Last weekend, with a centenary Remembrance Sunday coming up, I went to an exhibition of World War I memorabilia in a local village. It is interesting to me how it is this war more than World War II that still haunts my generation, just as it haunted my parents’ generation, yet it is easy to see why, reading those stoically cheerful yet yearning letters, preserved by careful hands for a century now, and seeing the photographs of all the keen-eyed young men, smart in their uniforms, who wrote them and never came back to their upland villages among the trees. I am indebted to the poet Sean Haldane for drawing my attention to this piece by Eleanor Marian Dundas Allen (1892-1953), written in 1917, a few days after hearing that her fiancé, Arthur Tylston Greg, had been killed in an air battle over France. He was 22 years old.
The Wind on the Downs
I like to think of you as brown and tall,
As strong and living as you used to be,
In khaki tunic, Sam Brown belt and all,
And standing there and laughing down at me.

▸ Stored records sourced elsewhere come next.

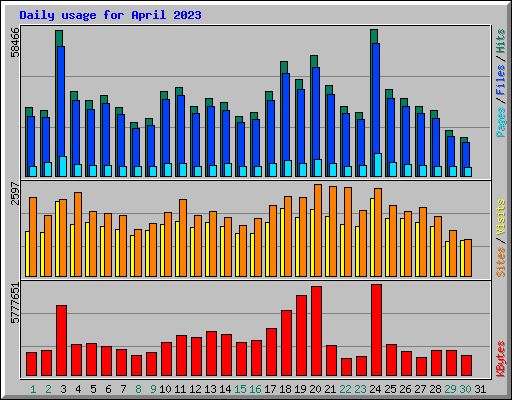 Daily usage for April 2023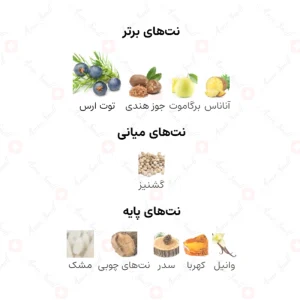 ادکلن مردانه عام التسامح سیلور ارض الخلیج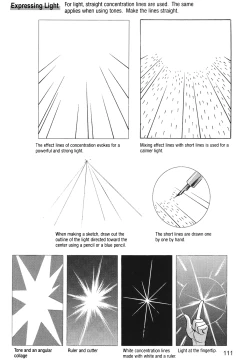 Page 115 of How to Draw Manga Vol. 24, Occult & Horror by Hikaru Hayashi
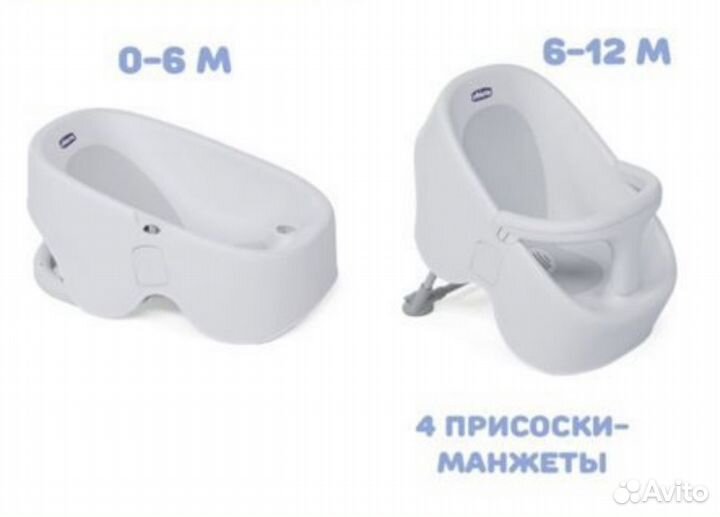 Стульчик для купания chicco bubble nest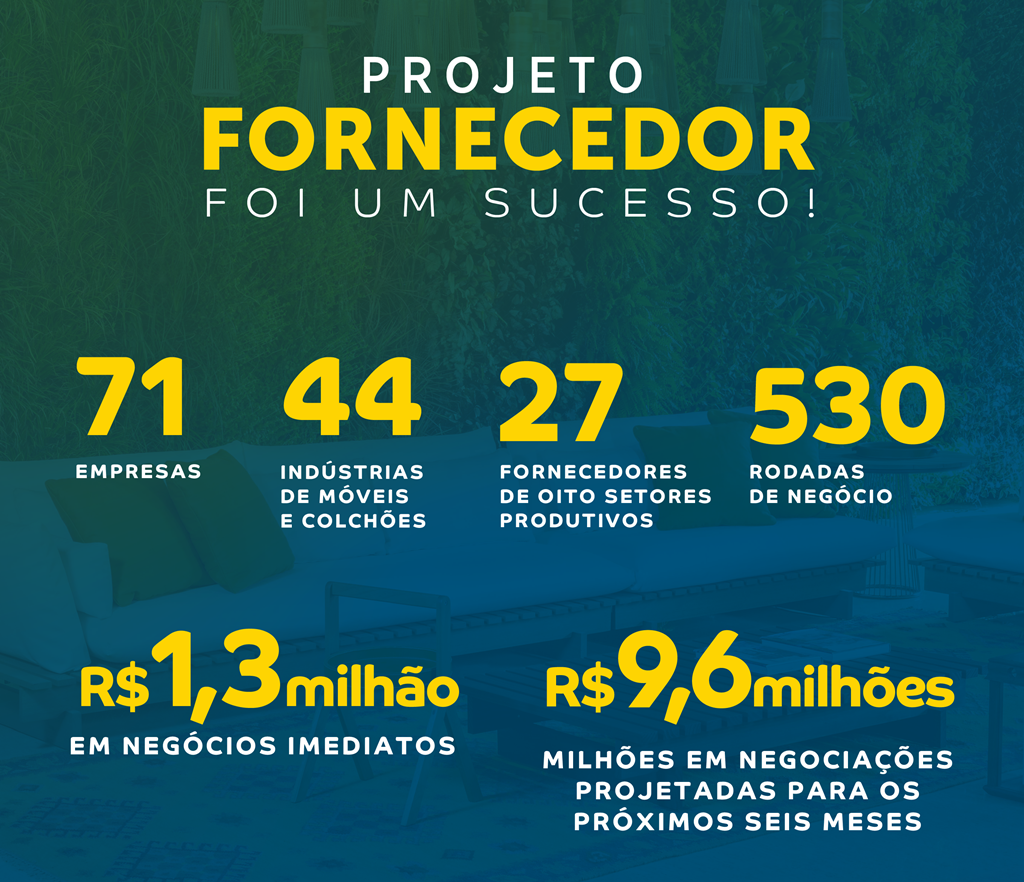 projeto fornecedor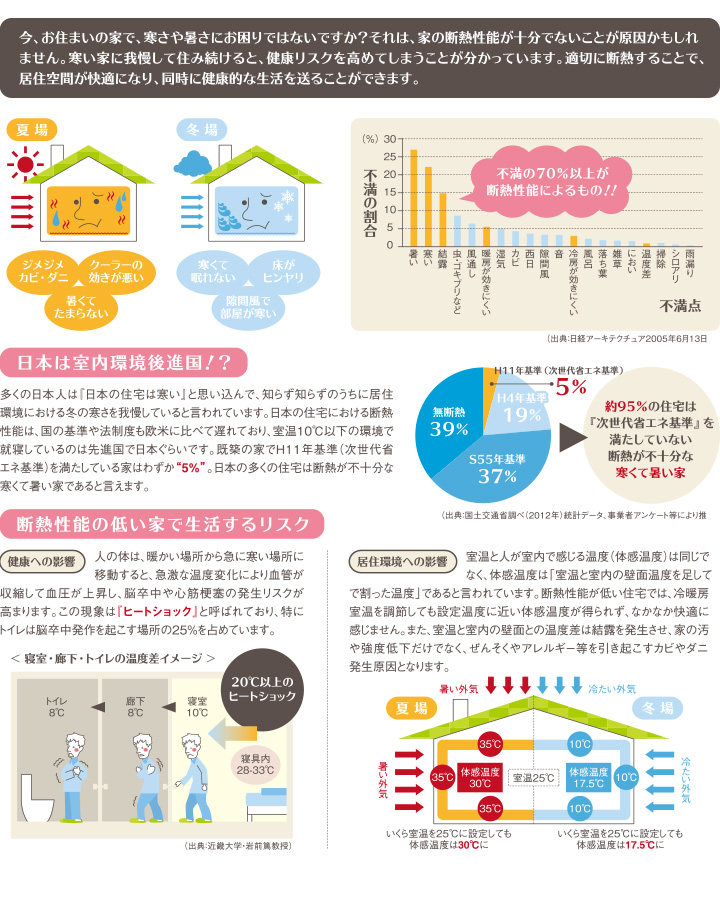 日本は室内環境後進国！？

Because they tell me, dear, that you are dead,
Because I can no longer see your face,
You have not died, it is not true, instead
You seek adventure in some other place.
That you are round about me, I believe;
I hear you laughing as you used to do,
Yet loving all the things I think of you;
And knowing you are happy, should I grieve?
You follow and are watchful where I go;
How should you leave me, having loved me so?
We walked along the tow-path, you and I,
Beside the sluggish-moving, still canal;
It seemed impossible that you should die;
I think of you the same and always shall.
We thought of many things and spoke of few,
And life lay all uncertainly before,
And now I walk alone and think of you,
And wonder what new kingdoms you explore.
Over the railway line, across the grass,
While up above the golden wings are spread,
Flying, ever flying overhead,
Here still I see your khaki figure pass,
And when I leave the meadow, almost wait
That you should open first the wooden gate.